In the original Naked Gun trilogy, Nielsen (whose name is often jokingly confused with Neeson’s) played Drebin Sr. like a bumbling Bond, a man certain he’s suave, unaware of the cascade of calamities he leaves in his wake. Drebin Jr. aspires to be grittier, a disaster-prone Dirty Harry. He vanquishes two nasties – played by Danny Huston and Kevin Durand, also parodying their own villain personas – and gets the girl, played by Pamela Anderson (whom he is reportedly dating off screen).

Neeson and the film, directed and co-written by Akiva Schaffer, are onto how ridiculous the badass-with-a-gun trope is – “I guess old white men are the toughest smartest, sexiest beings on the planet,” Drebin Jr. deadpans near the end – and they make giddy hay of it. Unfortunately for me, though, there are just too many vigilante-wannabes roaming North America right now, with all-too-real automatic weapons, to relax into a joke version.

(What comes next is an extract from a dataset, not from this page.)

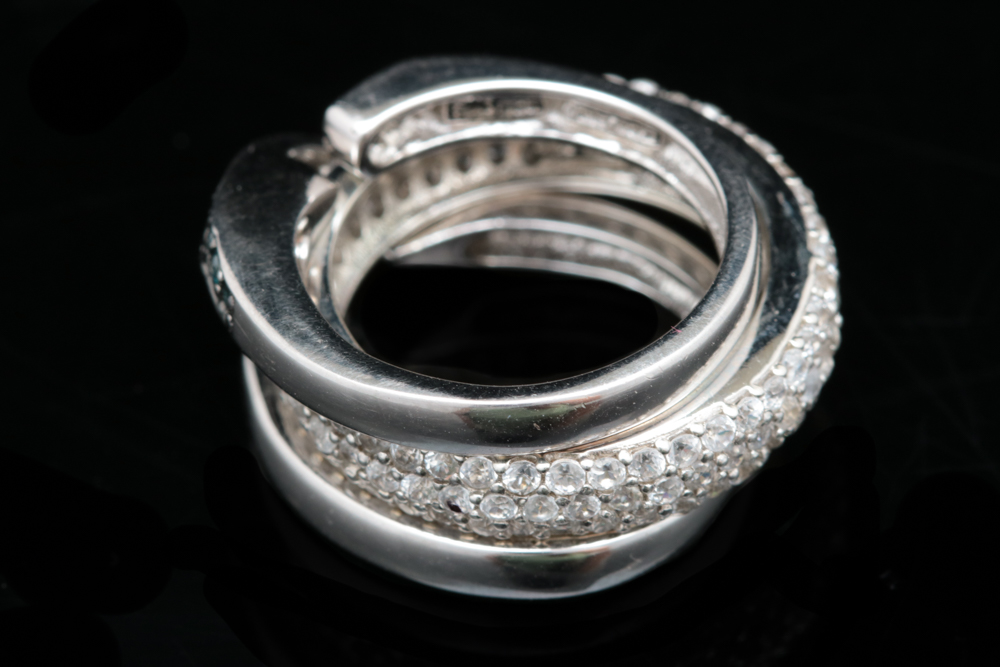 Sterling Silver, Irradiated Diamond and White Zircon Ring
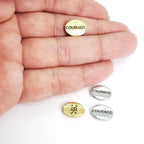 Pewter Chinese Courage Bead Symbol Oval Bead Inspirational (2pc) – Antique Gold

And whoops, a glance at Neeson’s current and coming projects proves that parodying himself in The Naked Gun absolutely did not cow him into retiring from squint-eyed machismo. He’s playing or about to play an avenging ice road trucker; a decorated combat vet named Fang who flees a murder in a Mustang Shelby Cobra; a convict who has to break a terrorist out of prison; a reprise of his hitman Jimmy (the Gravedigger Condon; a disgraced war-torn CIA operative; a grizzled bio-terror operative; and a bank-robbing grandpa. I guess acting the alpha male never grows old. Especially if there’s a fat wad of cash to pocket.